Goal of the exercise:
Repeat every record exactly as written, but leave out the pictures.

Extracted records:
◇ ◇ ◇ ◇ ◇
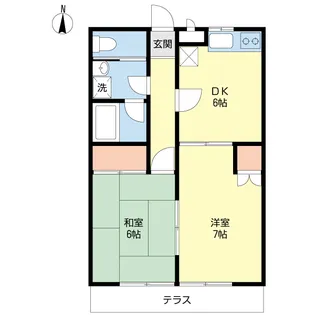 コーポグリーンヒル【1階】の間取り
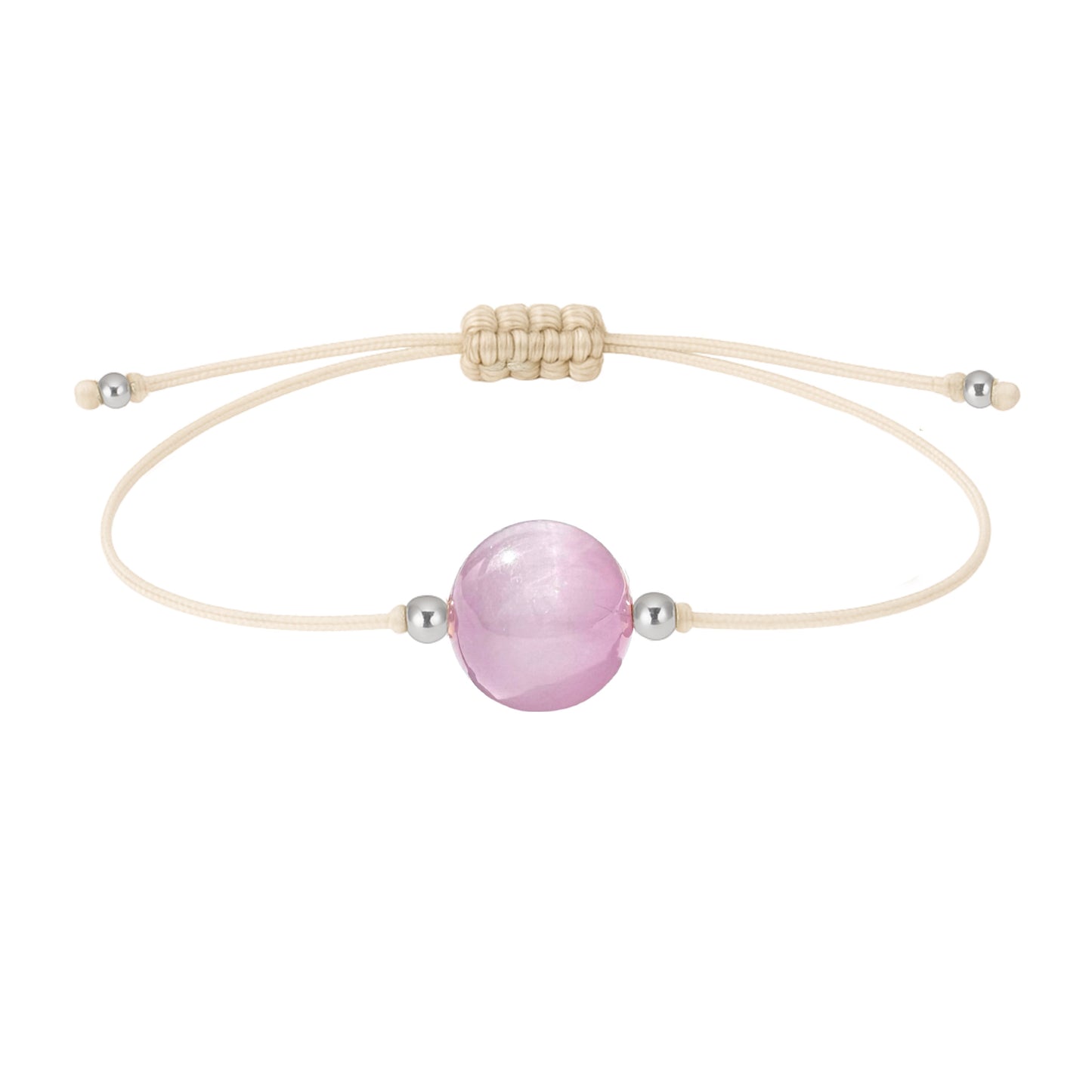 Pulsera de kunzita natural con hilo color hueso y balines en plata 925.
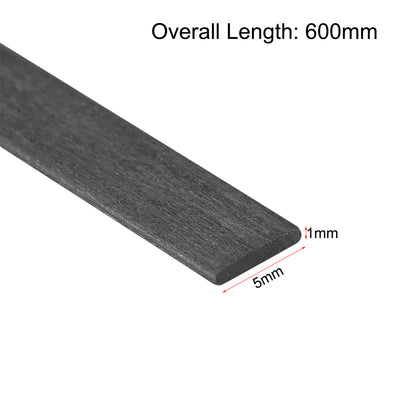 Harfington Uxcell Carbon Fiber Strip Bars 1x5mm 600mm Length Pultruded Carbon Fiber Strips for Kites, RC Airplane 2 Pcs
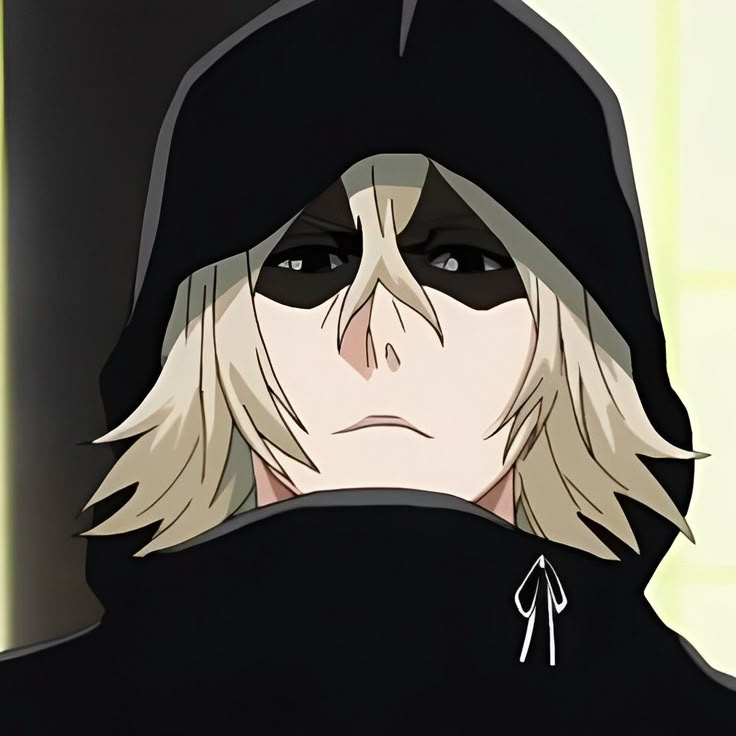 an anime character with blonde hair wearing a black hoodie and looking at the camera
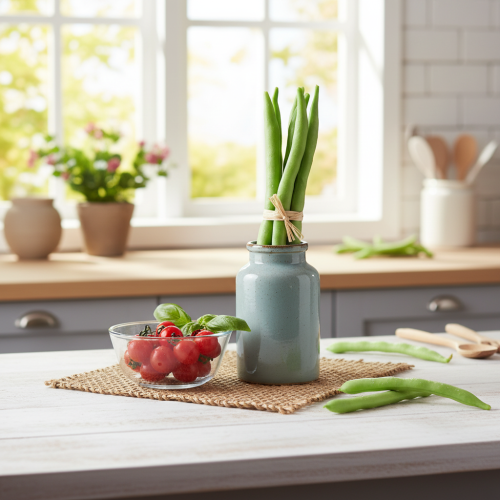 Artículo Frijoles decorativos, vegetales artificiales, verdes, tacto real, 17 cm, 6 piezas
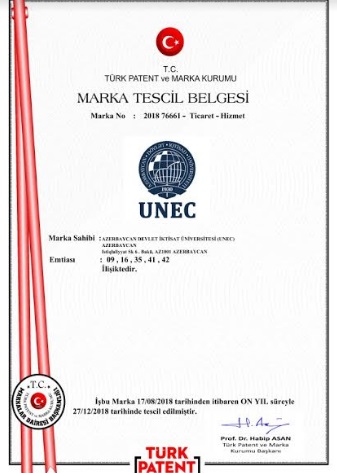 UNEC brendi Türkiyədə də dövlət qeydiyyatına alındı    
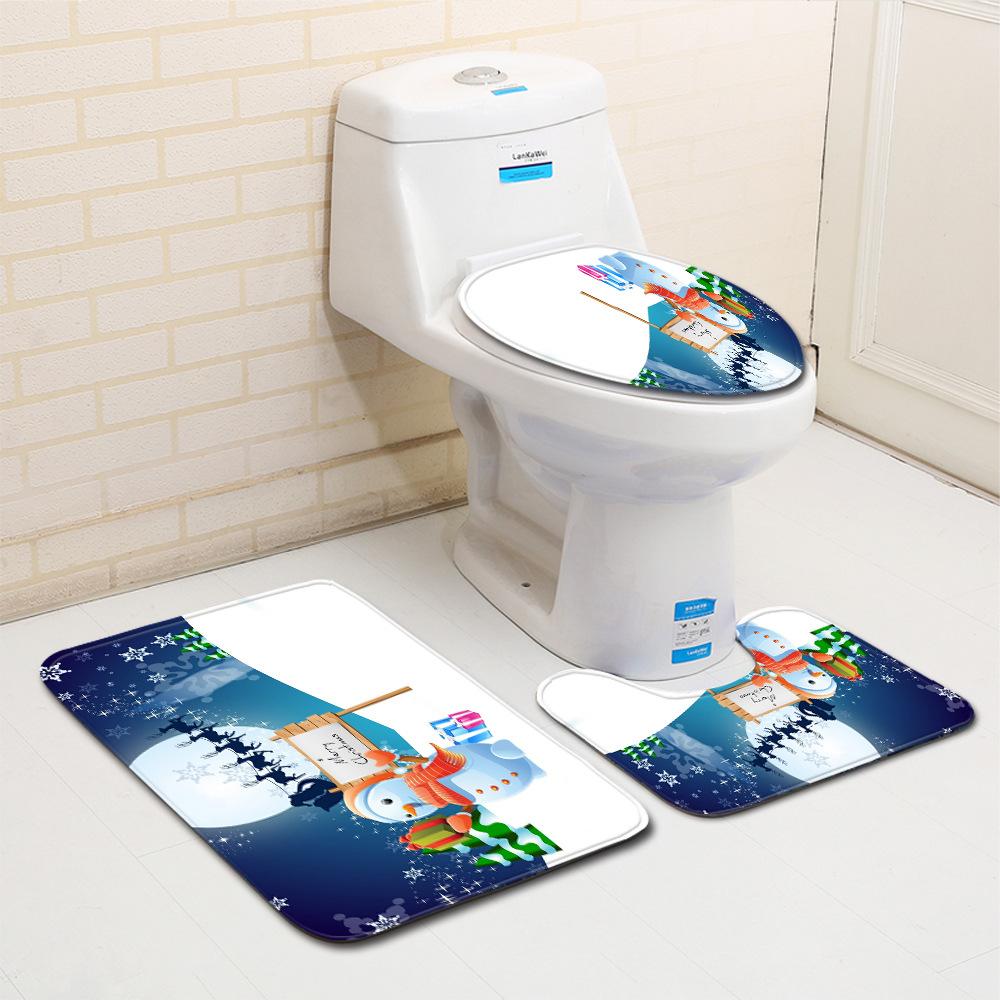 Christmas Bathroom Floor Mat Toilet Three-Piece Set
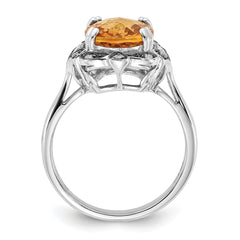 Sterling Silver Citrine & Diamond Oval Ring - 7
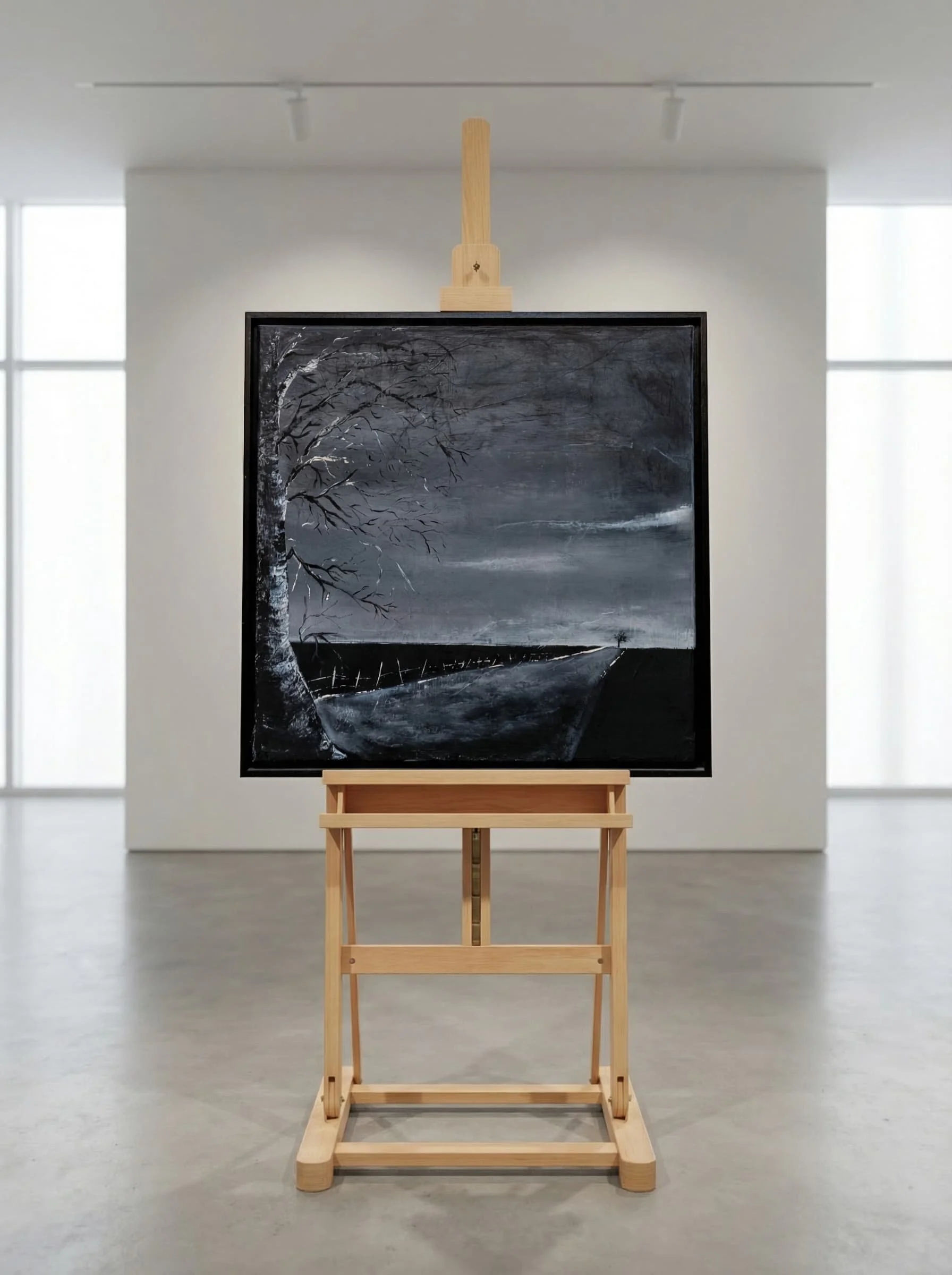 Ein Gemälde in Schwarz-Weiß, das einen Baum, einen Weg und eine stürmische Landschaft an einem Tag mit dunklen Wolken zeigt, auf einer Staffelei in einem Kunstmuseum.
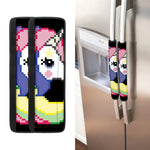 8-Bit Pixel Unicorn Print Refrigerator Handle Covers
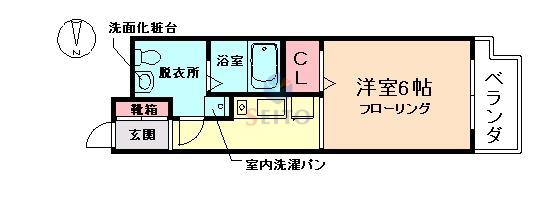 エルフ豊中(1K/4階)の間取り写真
◇ ◇ ◇ ◇ ◇
Solved exercise:
 コーポグリーンヒル【1階】の間取り
 Pulsera de kunzita natural con hilo color hueso y balines en plata 925.
 Harfington Uxcell Carbon Fiber Strip Bars 1x5mm 600mm Length Pultruded Carbon Fiber Strips for Kites, RC Airplane 2 Pcs
 an anime character with blonde hair wearing a black hoodie and looking at the camera
 Artículo Frijoles decorativos, vegetales artificiales, verdes, tacto real, 17 cm, 6 piezas
 UNEC brendi Türkiyədə də dövlət qeydiyyatına alındı    
 Christmas Bathroom Floor Mat Toilet Three-Piece Set
 Sterling Silver Citrine & Diamond Oval Ring - 7
 Ein Gemälde in Schwarz-Weiß, das einen Baum, einen Weg und eine stürmische Landschaft an einem Tag mit dunklen Wolken zeigt, auf einer Staffelei in einem Kunstmuseum.
 8-Bit Pixel Unicorn Print Refrigerator Handle Covers
 エルフ豊中(1K/4階)の間取り写真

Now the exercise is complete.